By Brian Seals, Santa Cruz Sentinel
April 24, 2005

When Peter Dwares looks outside the building he has owned for more than 25 years, the Capitola Mercantile, and takes in the surrounding village, he generally likes what he sees.

He likes to see the people that stream into Capitola Village, especially on warm summer weekends. But he envisions something more.

Rather than cars and sometimes brutally loud motorcycles at a near stand-still along the Capitola Esplanade, the San Francisco businessman sees the possibility for something more — like a plaza sans autos with outside dining restaurants.

“If a few little things were focused on I think there could be a kinder, gentler village,” says Dwares, who has refurbished retail centers from Washington to California and who owns a Capitola home. He bought the Mercantile in 1979 and since 1980 has hosted “Uncle Nathan’s Day” in Capitola, a wintery holiday event for underprivileged children.

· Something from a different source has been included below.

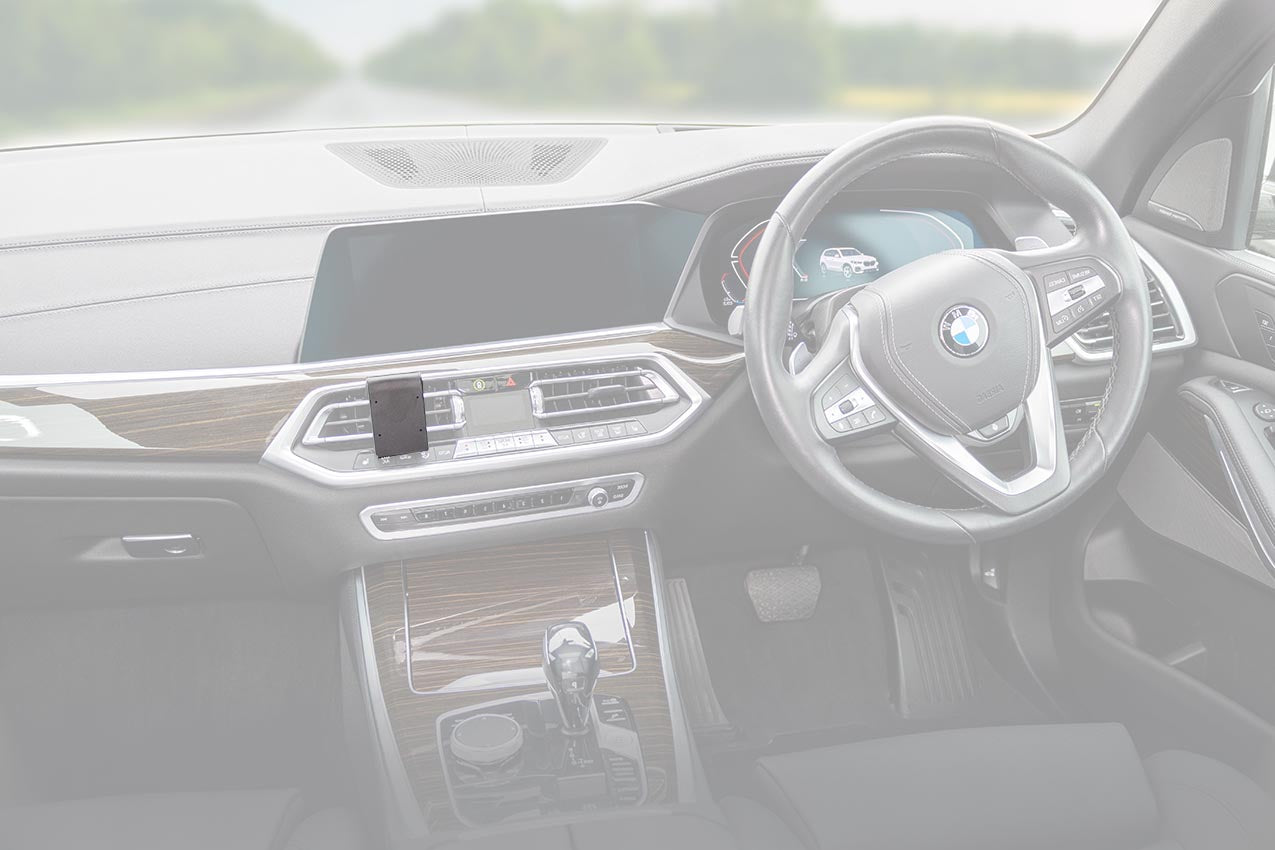 Brodit ProClip 655487 - BMW X5 2019-2023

Dwares isn’t alone in his desire for change in the village.

“There has been talk about closing the esplanade, but it has not gone very far,” City Councilman Dennis Norton said, adding he favors such a plan at some point in the future.

“The killer in the village is the automobile,” Norton said. “It takes away from the charm and character of the village.”

Norton and others support building a parking garage at the municipal lot behind City Hall, a move many believe would bring flexibility to what could be done along the esplanade. Ask around the village, and there are plenty of ideas for making it a more enjoyable destination.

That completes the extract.